Experimental program
Comparison scheme
Effect test

Embodiment 1

[0022] Example 1: Ti 1.12 CoSb composite

[0023] Using the method mentioned in the summary of the invention, high-purity Ti, Co, and Sb are used as raw materials, and the ingredients are mixed in a molar ratio of 1.12:1:1, mixed evenly, pressed into sheets, and put into an electric arc melting furnace. After vacuuming, fill it with argon for the first smelting, and the smelting time lasts for 1 minute and 30 seconds. After cooling, evacuate, then fill with oxygen, the filling amount is 50% of the excess Ti moles, and then fill with argon to carry out the second smelting. In the second smelting, the working current was continuously adjusted and the sample was turned over and smelted 4 times repeatedly. Repeat the previous step, the charge of oxygen is 48% of the excess Ti moles.

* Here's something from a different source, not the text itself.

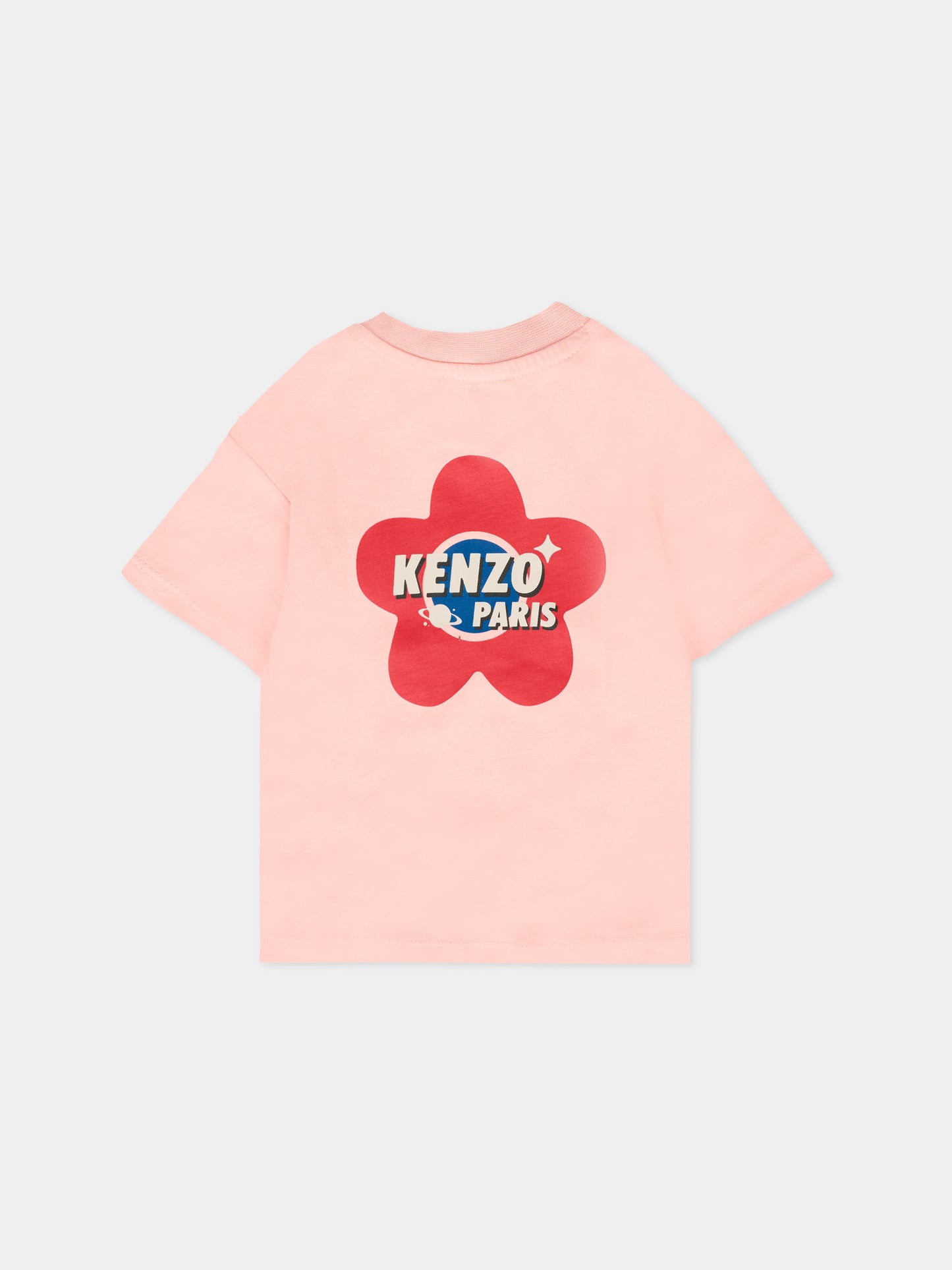 T-shirt rosa per neonata con papavero,Kenzo Kids,K61278 47H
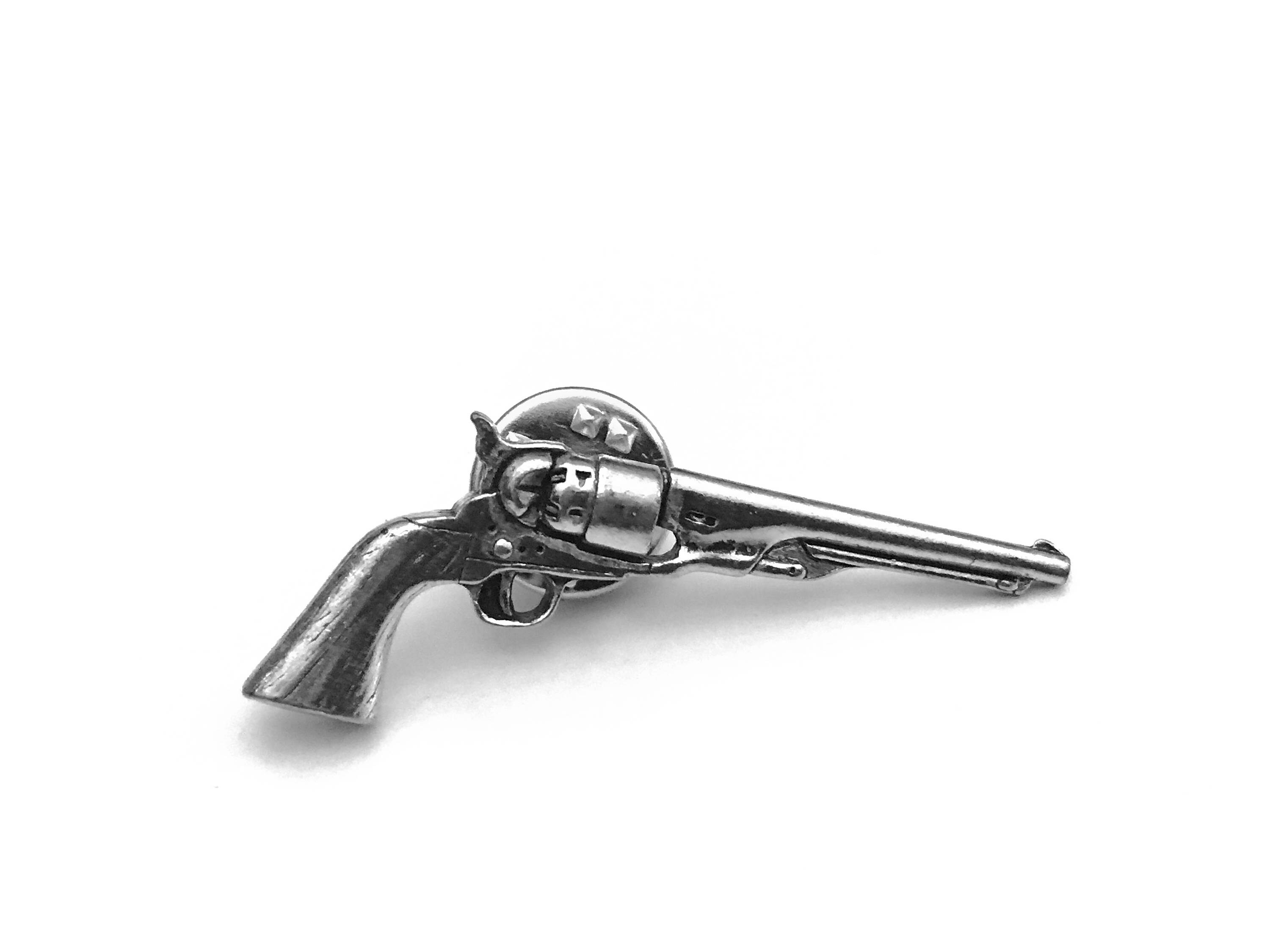 Gun Lapel Pin Revolver Lapel Pin 6 Shooter Pistol Tie Tack Etsy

[0024] TEM analysis confirmed the presence of abundant nanoscale TiO in the matrix 2 particles (see Figure 1). These nano-TiO 2 The particles greatly reduce the lattice thermal conductivity of ...

Embodiment 2

[0025] Example 2: Ti 1.09 co 0.85 Fe 0.15 Sb composite material

[0026] Using the method mentioned in the summary of the invention, high-purity Ti, Co, Sb and Fe are used as raw materials, and the ingredients are mixed in a molar ratio of 1.09:0.85:1:0.15. After mixing evenly, they are pressed into sheets and put into an electric arc melting furnace. After evacuating, fill it with argon for the first melting, and the melting time lasts for 40 seconds. After cooling, vacuumize, then fill with oxygen, the filling amount is 40% of the excess Ti moles, and then fill with argon to carry out the second smelting. In the second smelting, the working current was continuously adjusted and the sample was turned over and smelted 4 times repeatedly. Repeat the previous step twice, the amount of oxygen charged is respectively 35% and 20% of the excess Ti moles, and finally the sample is cut into a standard shape for testing. The lattice thermal conductivity and ZT value of the materia...

Embodiment 3

[0027] Example 3: Ti 1.06 co 0.92 Ni 0.08 Sb composite material

[0028]The metal raw materials Ti, Co, Sb and Ni are batched according to the molar ratio of 1.06:0.92:1:0.08, mixed uniformly, pressed into sheets, and put into an electric arc melting furnace. After evacuating, fill with argon for the first smelting, and the smelting time lasts for 4 minutes. After cooling, evacuate, then fill with oxygen, the filling amount is 95% of the excess Ti moles, and then fill with argon to carry out the second smelting. In the second smelting, the working current was continuously adjusted and the sample was turned over and smelted 5 times repeatedly. Tested Ti 1.06 co 0.92 Ni 0.08 The lattice thermal conductivity of Sb is higher than that of TiCo 0.92 Ni 0.08 Sb is reduced by 1 / 3, and the maximum ZT value reaches 0.38 at 850K.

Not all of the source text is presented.